Image-text web data:
##############################

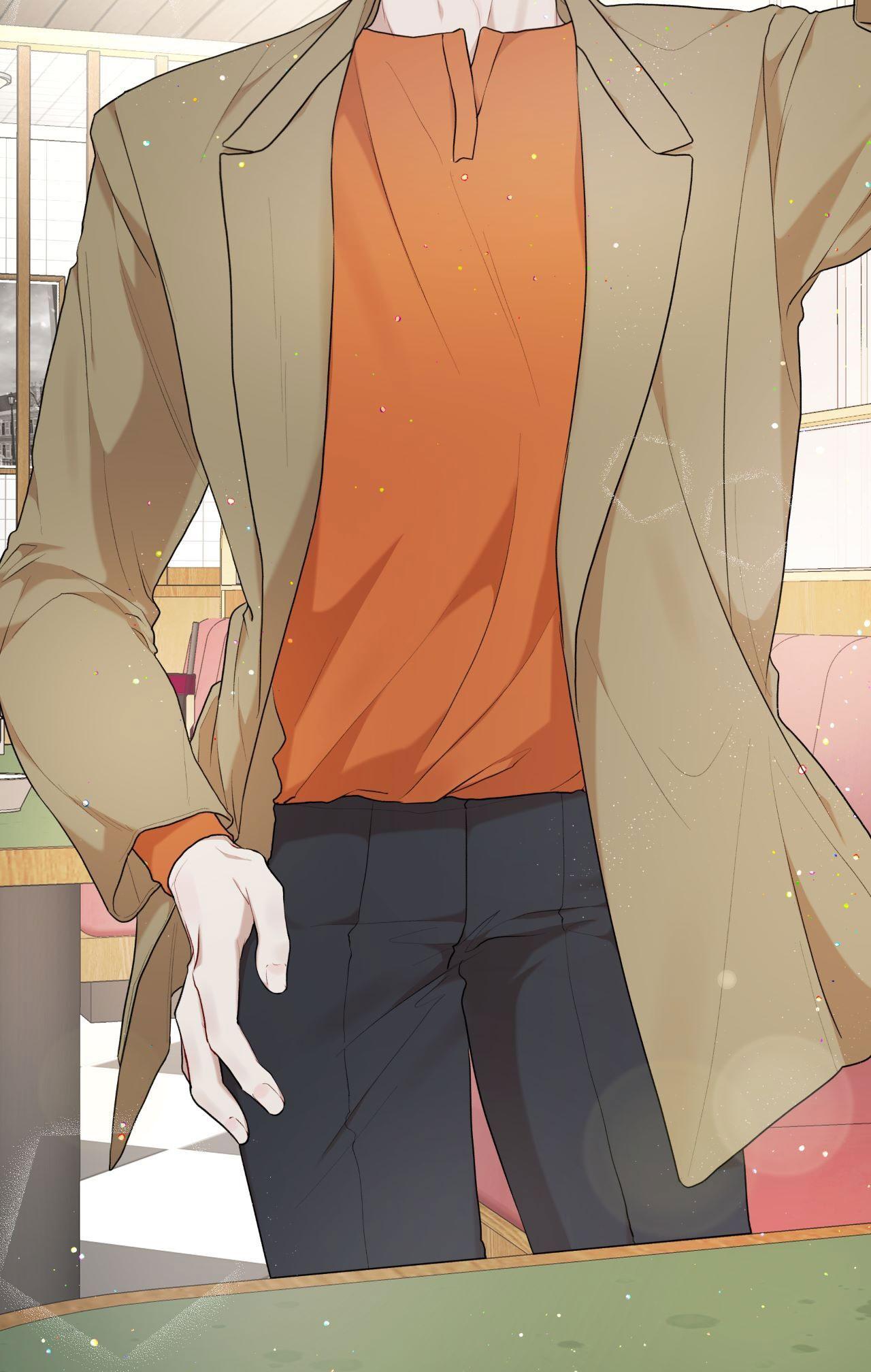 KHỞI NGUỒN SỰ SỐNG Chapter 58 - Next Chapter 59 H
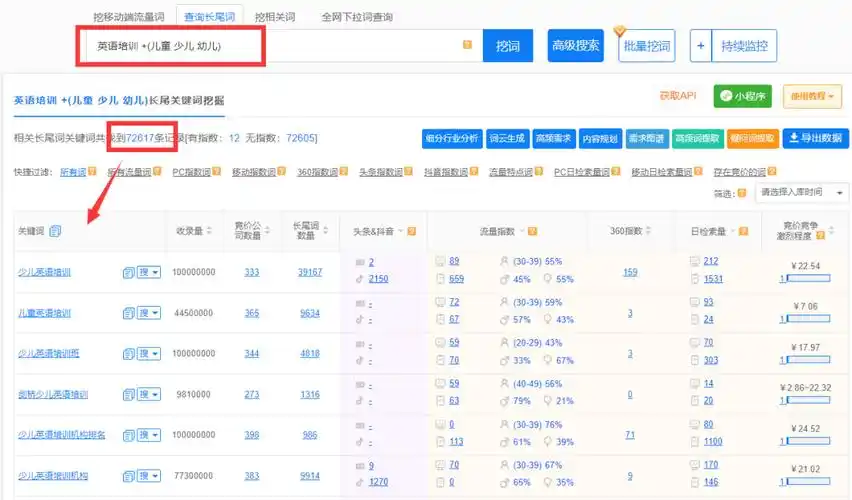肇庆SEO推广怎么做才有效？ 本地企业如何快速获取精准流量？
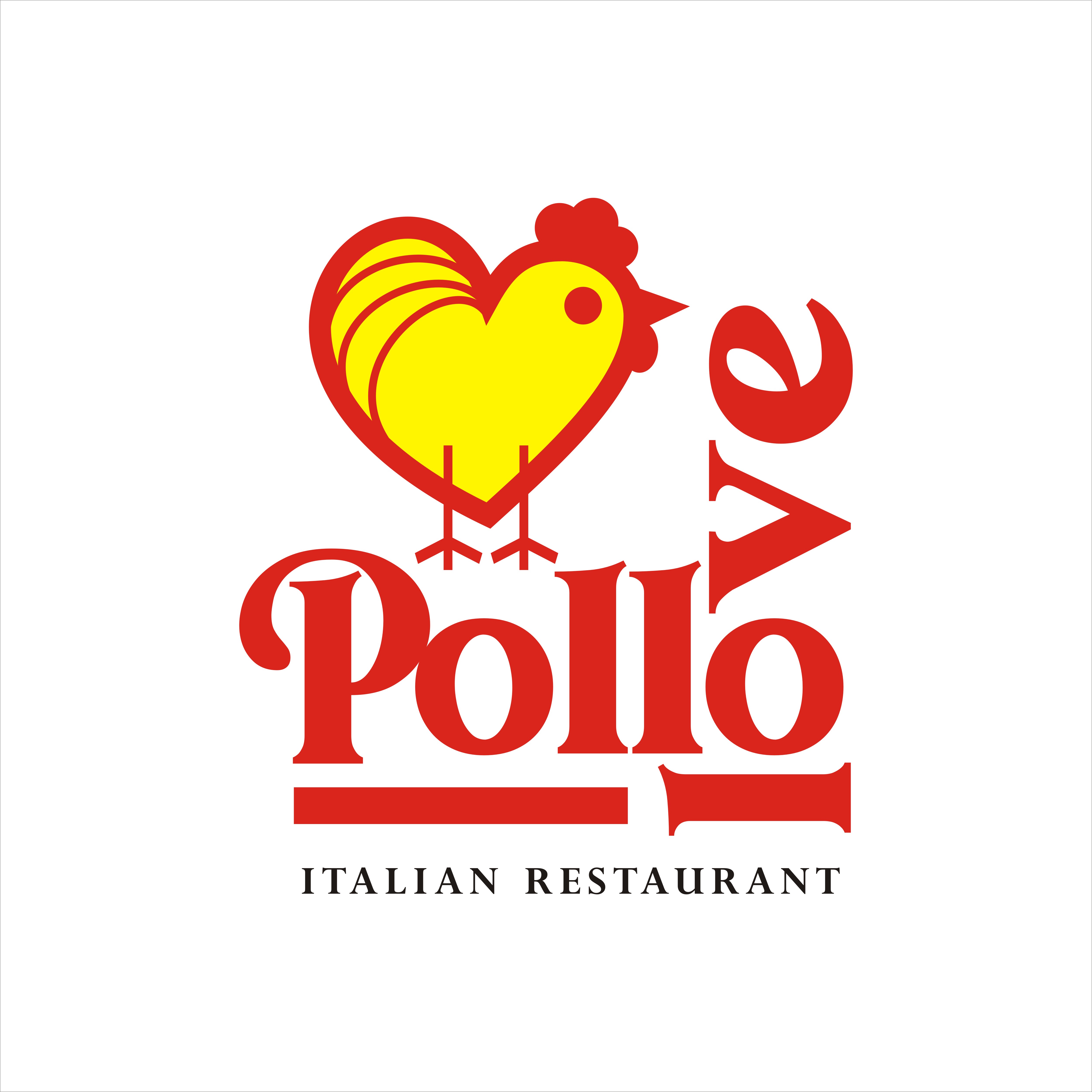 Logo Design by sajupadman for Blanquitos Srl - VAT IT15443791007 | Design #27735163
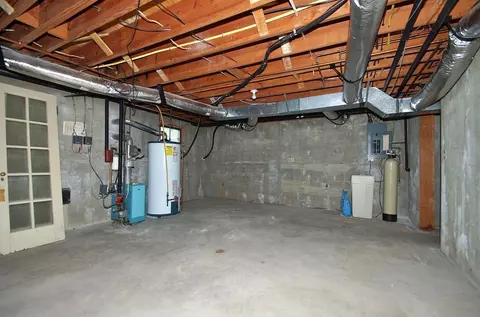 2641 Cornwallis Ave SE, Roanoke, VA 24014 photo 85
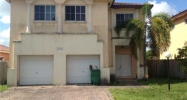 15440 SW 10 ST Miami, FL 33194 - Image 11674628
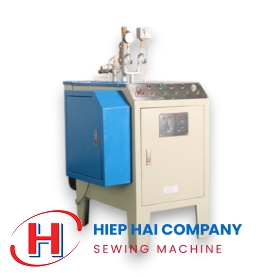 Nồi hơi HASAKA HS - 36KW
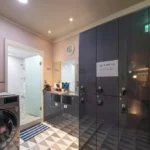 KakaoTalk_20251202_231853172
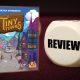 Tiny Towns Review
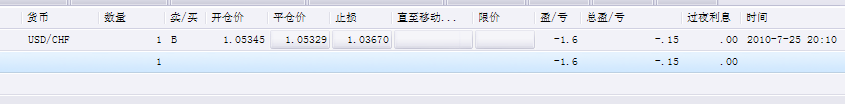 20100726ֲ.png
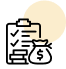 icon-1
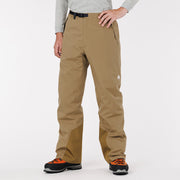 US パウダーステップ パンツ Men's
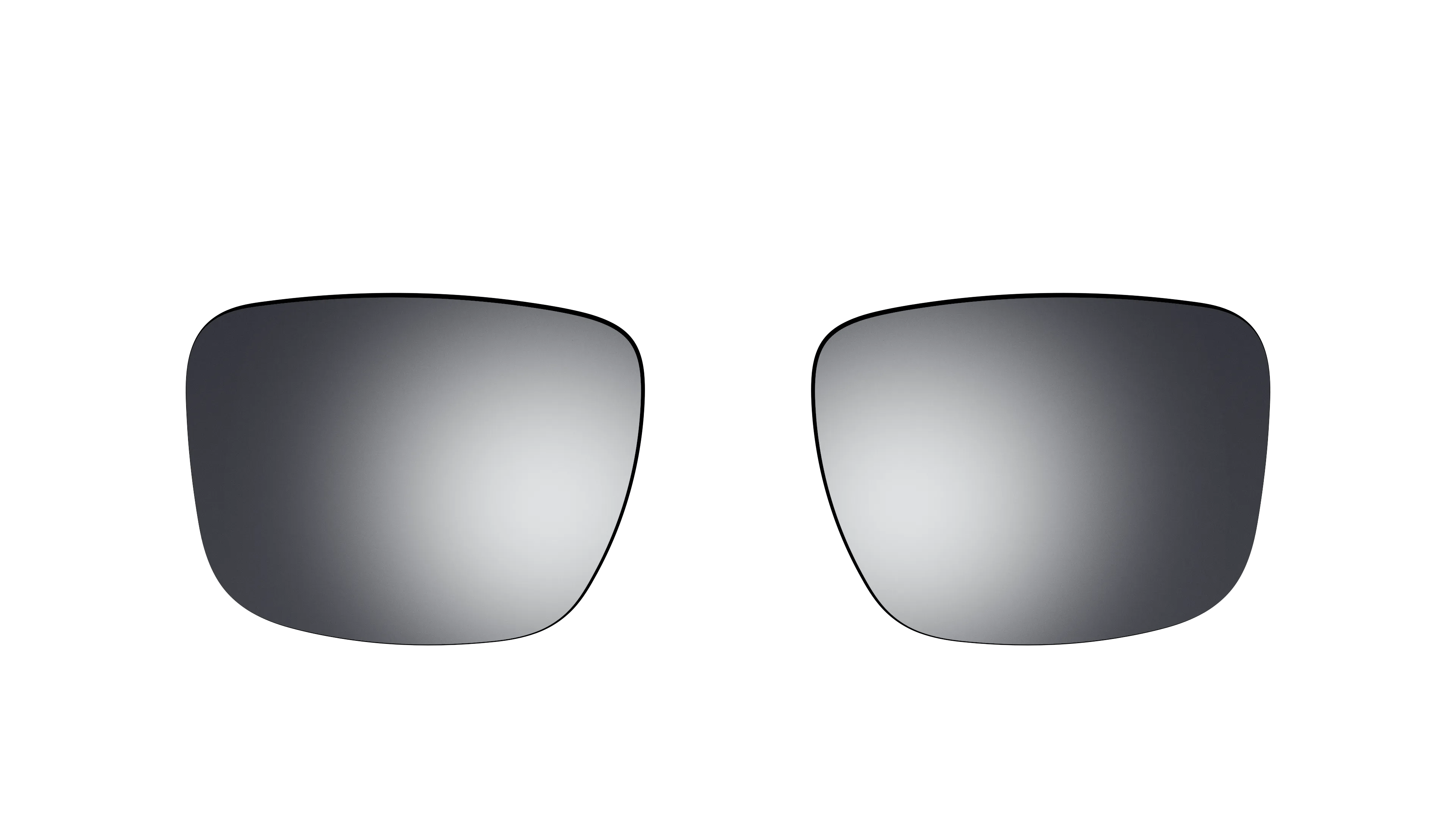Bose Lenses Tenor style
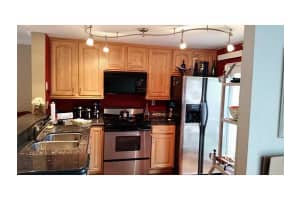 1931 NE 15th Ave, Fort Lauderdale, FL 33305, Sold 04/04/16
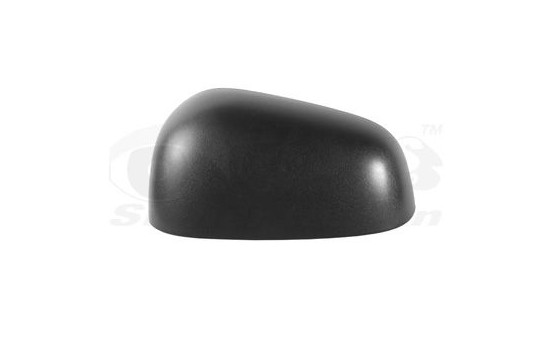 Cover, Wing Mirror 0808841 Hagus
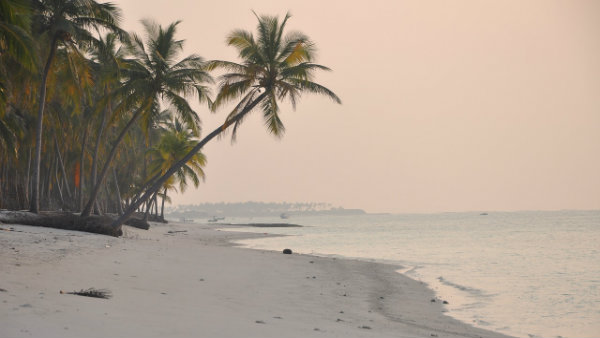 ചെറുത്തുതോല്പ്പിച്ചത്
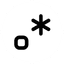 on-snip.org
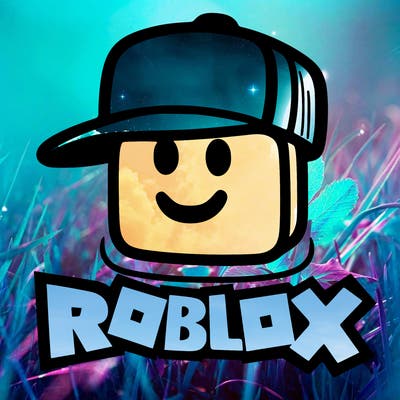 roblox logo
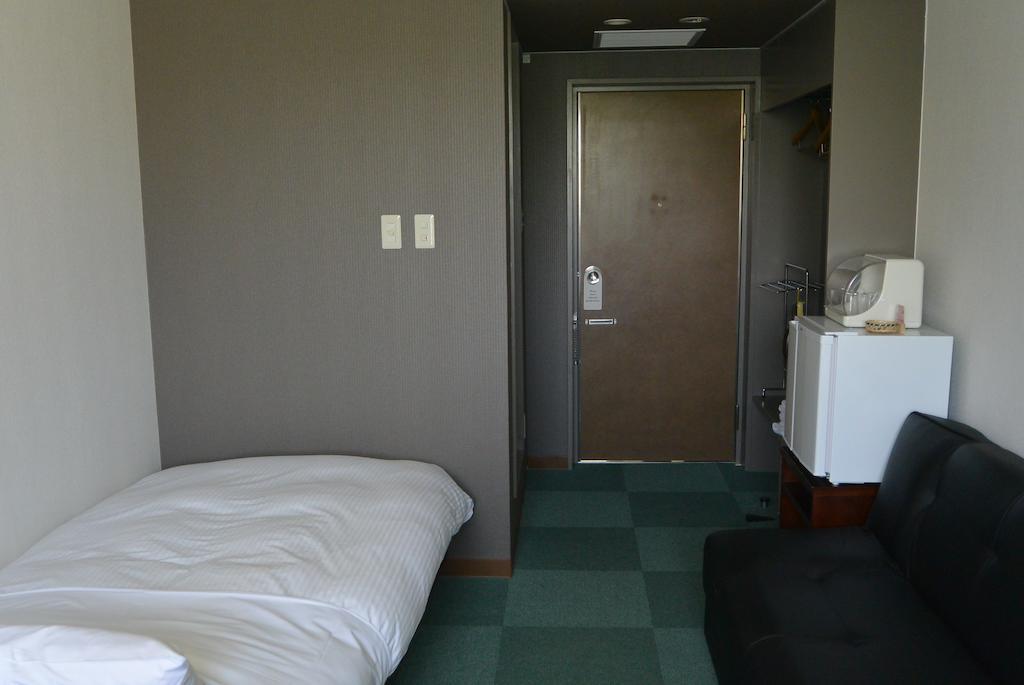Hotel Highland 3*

##############################

- _What is needed_: Give again, word for word, every line from the top of the data above to the line holding "Bose Lenses Tenor style", inclusive, with the pictures left out.

- _Response area_:
 KHỞI NGUỒN SỰ SỐNG Chapter 58 - Next Chapter 59 H
肇庆SEO推广怎么做才有效？ 本地企业如何快速获取精准流量？
 Logo Design by sajupadman for Blanquitos Srl - VAT IT15443791007 | Design #27735163
 2641 Cornwallis Ave SE, Roanoke, VA 24014 photo 85
 15440 SW 10 ST Miami, FL 33194 - Image 11674628
 Nồi hơi HASAKA HS - 36KW
 KakaoTalk_20251202_231853172
 Tiny Towns Review
 20100726ֲ.png
 icon-1
 US パウダーステップ パンツ Men's
Bose Lenses Tenor style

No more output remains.